● **Provided records**:
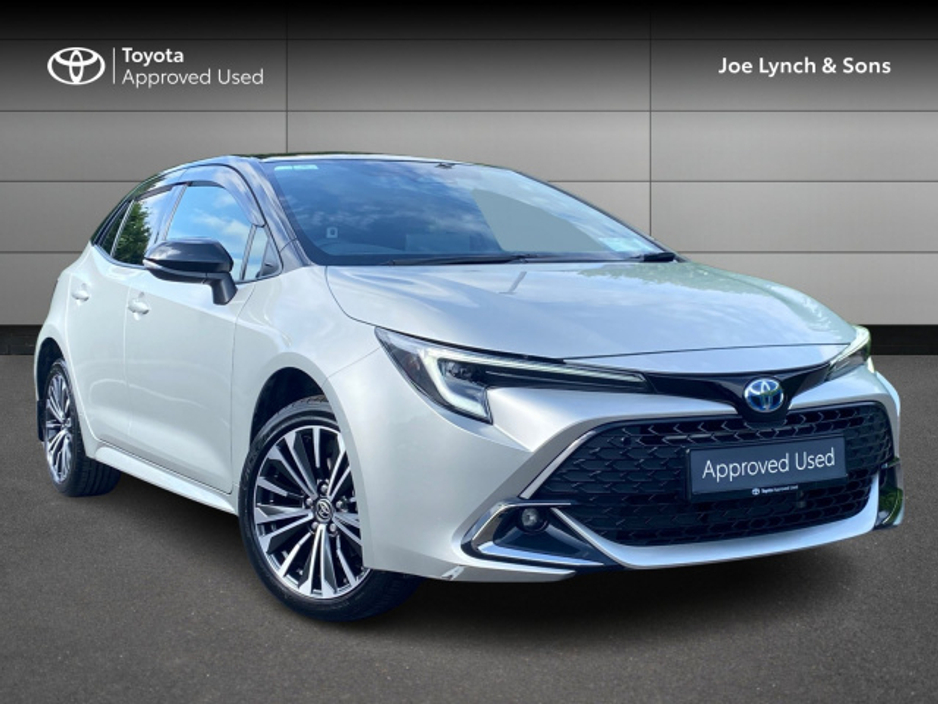 2024 Toyota Corolla COROLLA HB LUNA SPORT €33,945
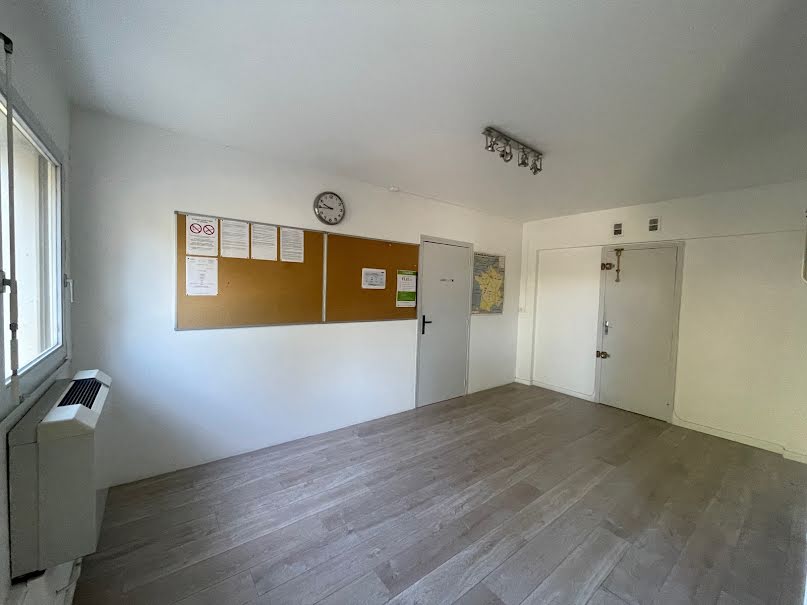 Vente locaux professionnels  36.48 m² à Aix-en-Provence (13090), 98 000 €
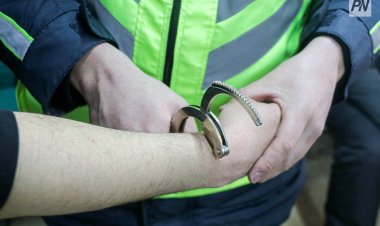 Павлодарда түнде телескопиялық таяқпен жүрген жігіт полиция бөліміне жеткізілді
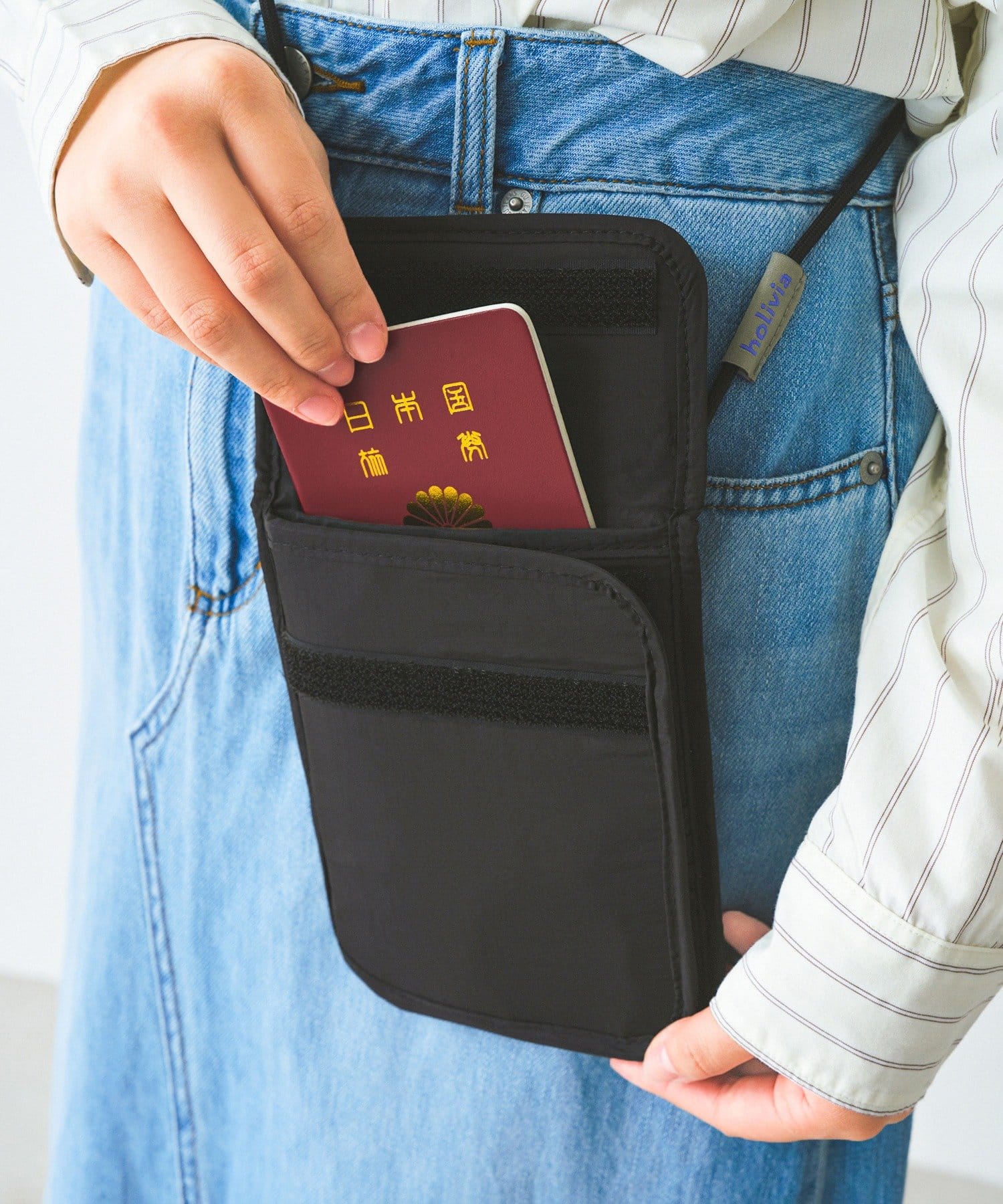 3COINS(スリーコインズ) 《撥水加工》薄型マルチケース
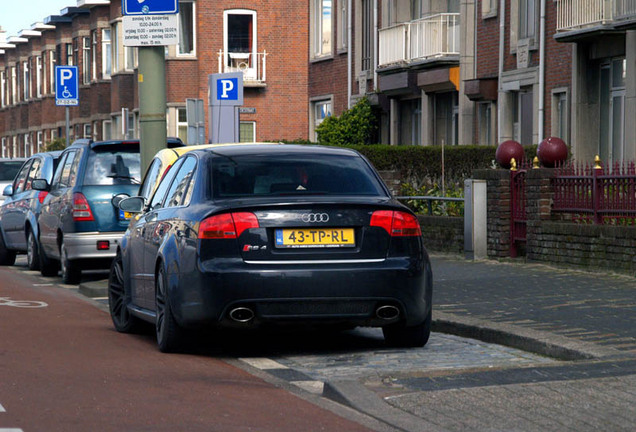 Audi RS4 Sedan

● **Action item**:
Repeat the data above exactly, leaving out any pictures it holds.

● **Problem solution**:
 2024 Toyota Corolla COROLLA HB LUNA SPORT €33,945
 Vente locaux professionnels  36.48 m² à Aix-en-Provence (13090), 98 000 €
 Павлодарда түнде телескопиялық таяқпен жүрген жігіт полиция бөліміне жеткізілді
 3COINS(スリーコインズ) 《撥水加工》薄型マルチケース
 Audi RS4 Sedan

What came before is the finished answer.